Studying for the LSAT stress management

Studying for the LSAT: Stress Management

Getting ready to take the LSAT is a stressful time; there’s a lot riding on this test, and the combination of unfamiliar question types, strict time constraints, and high pressure can be tough to take. But law school is tough, too; most law students and lawyers would agree that law school is much harder than the LSAT. Don’t let that discourage you, though! Instead, look at the stress you’re facing now as a chance to prepare yourself for the challenges that lie ahead; develop the kinds of good stress-management habits that will make you a better law student, and eventually even a better lawyer.

 

  • Set boundaries!

    You need to maintain a sense of yourself aside from the LSAT. Don’t let preparing for the test become all-consuming; instead, decide what portion of your time you’re willing to dedicate to studying, and stick to that. When you’re studying, really immerse yourself in the material—no Facebooking in one browser window while doing practice questions in another! But when study time is over, make sure that it’s really over. Put your laptop aside, stow your books and notes on a shelf out of the way, and stop obsessing, at least until the next time you’re scheduled to study. Giving yourself permission to be more than an LSAT student will let you keep the sense of self that is crucial for your peace of mind.

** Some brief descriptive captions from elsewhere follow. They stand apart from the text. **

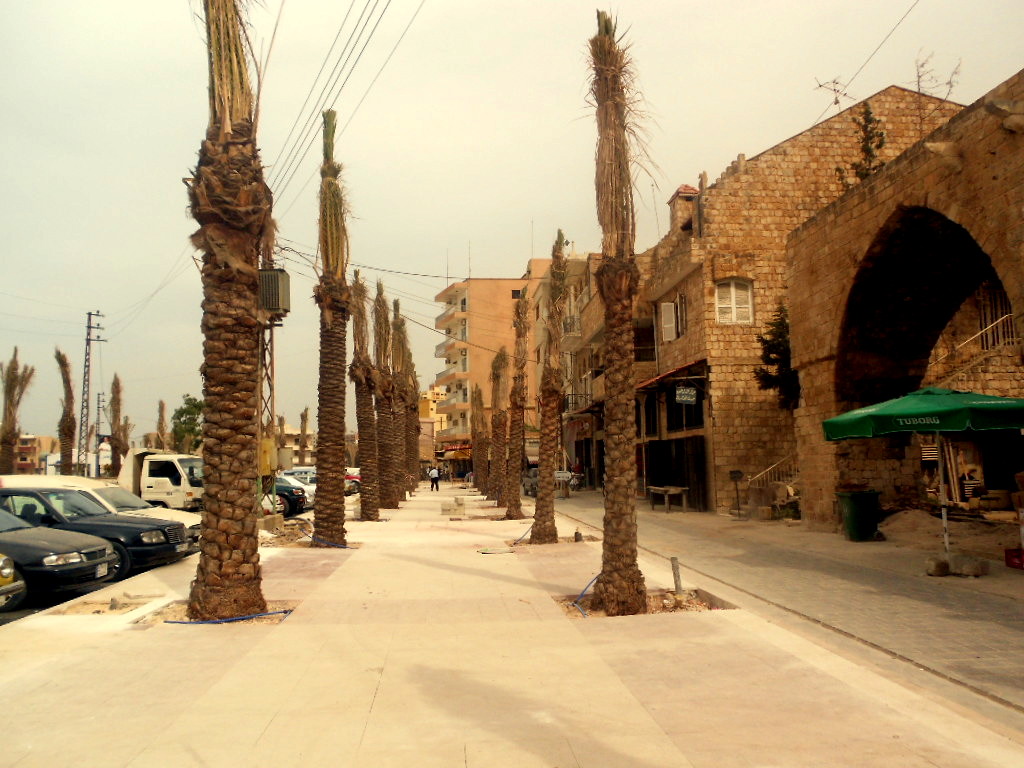 Tyre : Renovated Fishing Port Square with palm trees by cedarrick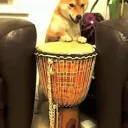 Doge Zone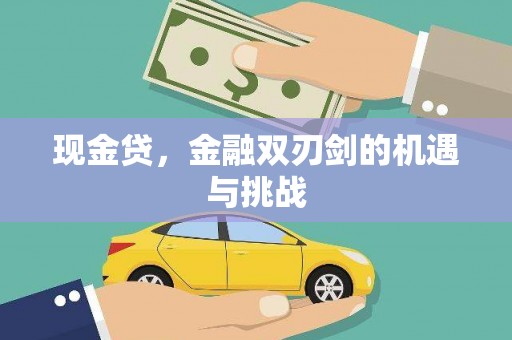 万全现金贷，金融双刃剑的机遇与挑战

  • Maintain your life outside of the test.

    It’s not enough just to limit your study time, though; if the rest of your free time is spent alone on the couch, watching reruns and trying not to think about the LSAT, you’re not really doing yourself any favors. Even as you work toward your law school goals, make sure you keep track of your non-law friends. Go see a movie or play some kickball, and make sure you ask your friends about what’s going on in their lives, instead of just making them listen to you freak out about logic games and conditional statements. Remaining grounded and involved in the world outside of the LSAT will not only help with your stress level; it will also keep your loved ones from throttling you, because believe me, no one who isn’t taking the test finds it nearly as absorbing as you do.  (Except maybe those of us who make our livings worrying about standardized tests!)

  • Take care of your body.

    These things might seem self-evident, but just in case they aren’t: sleep, eat real food, and exercise. Sleeping is not an optional activity, nor is it the things that should get eliminated or cut back when you’re short on time. Most people need 7-9 hours per night, and getting the sleep that you need will make it so much easier for you to process and retain information. The same general idea holds true for what you eat. Food is the fuel for your body and mind, and if you want your brain to work hard for you, be nice to it; feed it something that doesn’t come out of a machine or a drive-through window. Would you put oily sludge in the tank of a fine sports car and expect it to run its best? No? Well, then why would you eat junk and wash it down with soda, and then expect your brain to function at maximum capacity?

    And finally, take some time to work your body. Study after study has proven that exercise improves cognitive performance and minimizes stress. If someone offered you a pill that could do that, you’d probably snap it up. So do yourself a favor: slip on some running shoes and hit the pavement or the gym.

  • Have a study plan.

    One great way to minimize your stress level and make the entire LSAT prep experience less daunting is to have a study plan and stick to it. If you’re not good with structure, taking a class or working with a tutor might be a good approach; if you’re more disciplined, you can work alone and get great results, too. But make a point of developing a roadmap of where you want to be and how you want to get there. Seek guidance from books or experts; there are a lot of great LSAT resources out there, including Kaplan! Don’t just grab a prep test and start blindly doing questions—make the most of your study time by going into it with a plan of attack.

By incorporating these ideas into your LSAT preparation, you stand a better chance of emerging from the test prep experience mentally and emotionally intact, and ready to tackle the challenges of law school!